At period end, the Fund had no outstanding securities sold short.
Joint Credit Facility. A number of mutual funds managed by the Manager participate in a $1.875 billion revolving credit facility (the “Facility”) intended to provide short-term financing, if necessary, subject to certain restrictions in connection with atypical redemption activity. Expenses and fees related to the Facility are paid by the participating funds and are disclosed separately or as other expenses on the Consolidated Statement of Operations. The Fund did not utilize the Facility during the reporting period.
68 OPPENHEIMER GLOBAL HIGH YIELD FUND
BOARD APPROVAL OF THE FUND’S INVESTMENT ADVISORY
AND SUB-ADVISORY AGREEMENTS Unaudited
The Fund has entered into an investment advisory agreement with OFI Global Asset Management, Inc. (“OFI Global” or the “Adviser”), a wholly-owned subsidiary of OppenheimerFunds, Inc. (“OFI” or the “Sub-Adviser”) (“OFI Global” and “OFI” together the “Managers”) and OFI Global has entered into a sub-advisory agreement with OFI whereby OFI provides investment sub-advisory services to the Fund (collectively, the “Agreements”). Each year, the Board of Trustees (the “Board”), including a majority of the independent Trustees, is required to determine whether to approve the terms of the Agreements and the renewal thereof. The Investment Company Act of 1940, as amended, requires that the Board request and evaluate, and that the Managers provide, such information as may be reasonably necessary to evaluate the terms of the Agreements. The Board employs an independent consultant to prepare a report that provides information, including comparative information that the Board requests for that purpose. In addition to in-person meetings focused on this evaluation, the Board receives information throughout the year regarding Fund services, fees, expenses and performance.
The Managers and the independent consultant provided information to the Board on the following factors: (i) the nature, quality and extent of the Managers’ services, (ii) the comparative investment performance of the Fund and the Managers, (iii) the fees and expenses of the Fund, including comparative fee and expense information, (iv) the profitability of the Managers and their affiliates, including an analysis of the cost of providing services, (v) whether economies of scale are realized as the Fund grows and whether fee levels reflect these economies of scale for Fund investors and (vi) other benefits to the Managers from their relationship with the Fund. The Board was aware that there are alternatives to retaining the Managers.
Outlined below is a summary of the principal information considered by the Board as well as the Board’s conclusions.

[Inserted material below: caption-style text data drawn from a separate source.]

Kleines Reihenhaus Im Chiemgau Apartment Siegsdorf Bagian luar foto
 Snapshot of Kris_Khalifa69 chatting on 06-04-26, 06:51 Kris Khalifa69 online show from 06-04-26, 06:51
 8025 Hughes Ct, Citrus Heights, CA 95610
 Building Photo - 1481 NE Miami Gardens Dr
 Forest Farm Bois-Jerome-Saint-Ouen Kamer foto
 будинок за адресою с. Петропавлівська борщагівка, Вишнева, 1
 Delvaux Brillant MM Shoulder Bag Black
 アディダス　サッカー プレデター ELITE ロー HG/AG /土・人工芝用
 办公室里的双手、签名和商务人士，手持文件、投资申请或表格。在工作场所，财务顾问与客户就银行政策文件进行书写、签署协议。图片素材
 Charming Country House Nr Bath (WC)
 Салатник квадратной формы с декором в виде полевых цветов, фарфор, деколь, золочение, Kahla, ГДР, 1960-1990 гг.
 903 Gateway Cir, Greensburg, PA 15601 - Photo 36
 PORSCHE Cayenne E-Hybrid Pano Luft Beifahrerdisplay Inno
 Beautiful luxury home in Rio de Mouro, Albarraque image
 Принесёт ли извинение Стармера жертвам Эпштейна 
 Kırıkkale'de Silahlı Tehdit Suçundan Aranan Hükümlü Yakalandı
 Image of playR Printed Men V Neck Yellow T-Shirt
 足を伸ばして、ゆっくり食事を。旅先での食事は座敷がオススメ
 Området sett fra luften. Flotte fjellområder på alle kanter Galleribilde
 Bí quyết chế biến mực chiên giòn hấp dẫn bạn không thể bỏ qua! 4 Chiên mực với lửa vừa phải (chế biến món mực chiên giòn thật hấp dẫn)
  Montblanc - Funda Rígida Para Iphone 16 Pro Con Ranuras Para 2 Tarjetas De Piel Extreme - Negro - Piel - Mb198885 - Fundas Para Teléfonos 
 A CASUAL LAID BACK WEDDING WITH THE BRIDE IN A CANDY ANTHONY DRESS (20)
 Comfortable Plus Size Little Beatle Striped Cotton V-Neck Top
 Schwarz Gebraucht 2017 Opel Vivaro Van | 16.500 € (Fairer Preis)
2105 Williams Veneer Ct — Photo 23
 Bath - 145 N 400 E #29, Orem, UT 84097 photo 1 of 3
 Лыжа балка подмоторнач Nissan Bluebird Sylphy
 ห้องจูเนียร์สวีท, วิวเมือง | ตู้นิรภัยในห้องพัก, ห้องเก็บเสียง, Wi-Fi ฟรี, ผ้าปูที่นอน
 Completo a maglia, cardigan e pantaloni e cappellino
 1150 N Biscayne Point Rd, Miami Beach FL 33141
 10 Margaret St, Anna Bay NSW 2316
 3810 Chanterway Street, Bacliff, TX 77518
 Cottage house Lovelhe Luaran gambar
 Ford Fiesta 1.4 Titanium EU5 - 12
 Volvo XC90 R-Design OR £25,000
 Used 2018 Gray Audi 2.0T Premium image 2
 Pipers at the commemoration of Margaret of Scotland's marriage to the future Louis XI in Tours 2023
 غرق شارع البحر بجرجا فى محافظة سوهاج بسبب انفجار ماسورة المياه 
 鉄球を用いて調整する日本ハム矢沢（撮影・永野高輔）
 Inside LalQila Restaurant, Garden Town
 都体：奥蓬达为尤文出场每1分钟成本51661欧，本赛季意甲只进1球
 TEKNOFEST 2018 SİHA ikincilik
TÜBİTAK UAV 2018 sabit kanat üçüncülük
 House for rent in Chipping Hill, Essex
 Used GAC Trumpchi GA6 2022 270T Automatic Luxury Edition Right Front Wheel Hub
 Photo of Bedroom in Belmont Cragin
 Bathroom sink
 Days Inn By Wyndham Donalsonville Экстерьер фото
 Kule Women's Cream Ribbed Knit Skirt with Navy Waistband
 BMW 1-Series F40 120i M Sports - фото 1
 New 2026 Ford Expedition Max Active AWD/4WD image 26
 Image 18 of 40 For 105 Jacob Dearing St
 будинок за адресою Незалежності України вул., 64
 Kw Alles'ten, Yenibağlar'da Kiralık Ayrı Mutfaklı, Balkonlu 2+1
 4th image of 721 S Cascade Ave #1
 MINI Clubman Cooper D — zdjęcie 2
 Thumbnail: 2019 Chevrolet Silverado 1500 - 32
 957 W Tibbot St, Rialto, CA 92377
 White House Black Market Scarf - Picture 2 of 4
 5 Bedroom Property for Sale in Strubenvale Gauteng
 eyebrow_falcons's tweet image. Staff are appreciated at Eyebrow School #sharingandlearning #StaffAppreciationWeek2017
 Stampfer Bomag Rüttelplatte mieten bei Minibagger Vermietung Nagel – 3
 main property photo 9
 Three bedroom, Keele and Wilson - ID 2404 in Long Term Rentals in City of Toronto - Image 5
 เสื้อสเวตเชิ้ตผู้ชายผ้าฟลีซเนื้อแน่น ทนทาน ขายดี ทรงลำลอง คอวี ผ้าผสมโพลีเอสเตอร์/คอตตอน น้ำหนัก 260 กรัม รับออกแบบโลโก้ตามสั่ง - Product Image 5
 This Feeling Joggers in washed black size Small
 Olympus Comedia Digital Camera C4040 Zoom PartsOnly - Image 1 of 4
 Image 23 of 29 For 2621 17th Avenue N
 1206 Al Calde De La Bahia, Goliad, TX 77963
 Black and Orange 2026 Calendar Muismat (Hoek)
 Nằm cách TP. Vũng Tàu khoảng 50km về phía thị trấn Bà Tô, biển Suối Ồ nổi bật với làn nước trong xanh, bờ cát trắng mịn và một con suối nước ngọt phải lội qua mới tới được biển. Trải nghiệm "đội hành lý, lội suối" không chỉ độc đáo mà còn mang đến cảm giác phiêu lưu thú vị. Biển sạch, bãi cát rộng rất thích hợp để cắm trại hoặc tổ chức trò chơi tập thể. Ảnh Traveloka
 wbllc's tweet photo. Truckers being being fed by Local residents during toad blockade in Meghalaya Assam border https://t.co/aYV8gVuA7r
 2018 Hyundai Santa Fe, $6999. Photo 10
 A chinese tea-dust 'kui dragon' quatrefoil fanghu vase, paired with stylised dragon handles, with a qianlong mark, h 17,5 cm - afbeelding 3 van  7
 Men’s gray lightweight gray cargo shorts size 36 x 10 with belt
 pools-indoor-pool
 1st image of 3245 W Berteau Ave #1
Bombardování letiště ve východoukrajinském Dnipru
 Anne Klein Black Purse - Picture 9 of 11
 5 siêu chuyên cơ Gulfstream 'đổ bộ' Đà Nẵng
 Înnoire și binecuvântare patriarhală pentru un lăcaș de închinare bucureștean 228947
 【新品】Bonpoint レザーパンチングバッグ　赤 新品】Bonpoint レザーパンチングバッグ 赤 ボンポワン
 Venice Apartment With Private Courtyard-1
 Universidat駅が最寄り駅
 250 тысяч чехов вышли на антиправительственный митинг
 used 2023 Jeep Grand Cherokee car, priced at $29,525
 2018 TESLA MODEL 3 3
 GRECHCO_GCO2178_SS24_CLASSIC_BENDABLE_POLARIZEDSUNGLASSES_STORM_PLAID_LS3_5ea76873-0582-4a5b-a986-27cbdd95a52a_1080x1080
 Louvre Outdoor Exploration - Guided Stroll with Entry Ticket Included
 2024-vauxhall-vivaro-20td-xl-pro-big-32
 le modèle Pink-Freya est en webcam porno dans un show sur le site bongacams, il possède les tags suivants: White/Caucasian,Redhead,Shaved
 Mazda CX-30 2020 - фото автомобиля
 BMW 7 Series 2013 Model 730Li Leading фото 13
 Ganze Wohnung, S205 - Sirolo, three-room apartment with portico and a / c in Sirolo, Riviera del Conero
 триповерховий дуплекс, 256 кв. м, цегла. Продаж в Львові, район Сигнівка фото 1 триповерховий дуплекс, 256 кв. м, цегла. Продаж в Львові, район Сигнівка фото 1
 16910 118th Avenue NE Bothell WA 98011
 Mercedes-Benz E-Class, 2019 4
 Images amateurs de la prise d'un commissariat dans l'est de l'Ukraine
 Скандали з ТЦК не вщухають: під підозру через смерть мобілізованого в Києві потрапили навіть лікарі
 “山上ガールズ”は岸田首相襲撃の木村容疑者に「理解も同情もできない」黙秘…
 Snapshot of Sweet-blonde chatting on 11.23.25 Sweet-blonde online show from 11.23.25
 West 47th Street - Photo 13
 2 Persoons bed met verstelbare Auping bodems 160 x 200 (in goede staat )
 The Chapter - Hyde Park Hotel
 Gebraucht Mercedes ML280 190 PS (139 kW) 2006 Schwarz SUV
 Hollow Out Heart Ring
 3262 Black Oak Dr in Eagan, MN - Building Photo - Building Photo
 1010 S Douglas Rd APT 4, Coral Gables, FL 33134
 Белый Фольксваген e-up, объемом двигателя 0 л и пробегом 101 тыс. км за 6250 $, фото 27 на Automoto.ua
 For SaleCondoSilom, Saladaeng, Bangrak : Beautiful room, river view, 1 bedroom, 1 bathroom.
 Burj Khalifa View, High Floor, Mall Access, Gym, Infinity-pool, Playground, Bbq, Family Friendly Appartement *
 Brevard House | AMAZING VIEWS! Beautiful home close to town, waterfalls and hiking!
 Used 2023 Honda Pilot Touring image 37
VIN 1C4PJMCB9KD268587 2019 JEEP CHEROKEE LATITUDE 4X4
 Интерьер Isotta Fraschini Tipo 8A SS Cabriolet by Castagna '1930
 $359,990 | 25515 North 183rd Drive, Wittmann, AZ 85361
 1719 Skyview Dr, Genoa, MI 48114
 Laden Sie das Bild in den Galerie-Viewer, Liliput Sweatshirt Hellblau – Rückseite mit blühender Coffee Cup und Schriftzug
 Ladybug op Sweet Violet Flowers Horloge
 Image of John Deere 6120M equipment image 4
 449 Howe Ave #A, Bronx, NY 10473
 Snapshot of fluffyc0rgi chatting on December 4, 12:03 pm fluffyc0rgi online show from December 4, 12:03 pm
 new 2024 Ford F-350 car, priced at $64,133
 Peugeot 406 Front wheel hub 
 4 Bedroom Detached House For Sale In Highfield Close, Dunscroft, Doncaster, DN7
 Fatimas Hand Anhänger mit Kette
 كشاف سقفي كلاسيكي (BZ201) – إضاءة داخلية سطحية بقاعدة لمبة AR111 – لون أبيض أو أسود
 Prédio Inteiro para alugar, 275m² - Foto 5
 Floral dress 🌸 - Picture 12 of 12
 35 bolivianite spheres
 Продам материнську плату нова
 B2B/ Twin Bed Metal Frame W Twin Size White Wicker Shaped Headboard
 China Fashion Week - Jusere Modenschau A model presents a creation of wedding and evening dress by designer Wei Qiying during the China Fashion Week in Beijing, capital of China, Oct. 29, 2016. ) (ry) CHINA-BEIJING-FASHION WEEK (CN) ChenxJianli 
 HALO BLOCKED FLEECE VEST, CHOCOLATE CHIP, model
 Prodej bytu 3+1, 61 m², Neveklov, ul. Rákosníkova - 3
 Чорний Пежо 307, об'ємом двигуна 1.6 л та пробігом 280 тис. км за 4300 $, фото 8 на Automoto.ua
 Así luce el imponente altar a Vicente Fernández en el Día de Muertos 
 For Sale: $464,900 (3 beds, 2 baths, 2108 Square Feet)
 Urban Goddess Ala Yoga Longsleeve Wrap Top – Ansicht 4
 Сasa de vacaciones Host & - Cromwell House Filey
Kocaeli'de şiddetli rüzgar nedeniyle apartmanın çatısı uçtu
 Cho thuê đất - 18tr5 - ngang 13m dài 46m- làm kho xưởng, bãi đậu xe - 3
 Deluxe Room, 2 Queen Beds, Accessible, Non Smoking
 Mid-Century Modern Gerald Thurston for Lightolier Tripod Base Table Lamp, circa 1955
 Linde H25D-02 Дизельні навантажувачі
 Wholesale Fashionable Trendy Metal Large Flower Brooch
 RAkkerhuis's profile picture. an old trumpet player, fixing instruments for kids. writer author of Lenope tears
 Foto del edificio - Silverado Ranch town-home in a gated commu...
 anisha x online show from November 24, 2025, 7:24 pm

Nature, Quality and Extent of Services. The Board considered information about the nature, quality and extent of the services provided to the Fund and information regarding the Managers’ key personnel who provide such services. The Managers’ duties include providing the Fund with the services of the portfolio managers and the Sub-Adviser’s investment team, who provide research, analysis and other advisory services in regard to the Fund’s investments; and securities trading services. OFI Global is responsible for oversight of third-party service providers; monitoring compliance with applicable Fund policies and procedures and adherence to the Fund’s investment restrictions; risk management; and oversight of the Sub-Adviser. OFI Global is also responsible for providing certain administrative services to the Fund. Those services include providing and supervising all administrative and clerical personnel who are necessary in order to provide effective corporate administration for the Fund; compiling and maintaining records with respect to the Fund’s operations; preparing and filing reports required by the U.S. Securities and Exchange Commission; preparing periodic reports regarding the operations of the Fund for its shareholders; preparing proxy materials for shareholder meetings; and preparing the registration statements required by federal and state securities laws for the sale of the Fund’s shares. OFI Global also provides the Fund with office space, facilities and equipment.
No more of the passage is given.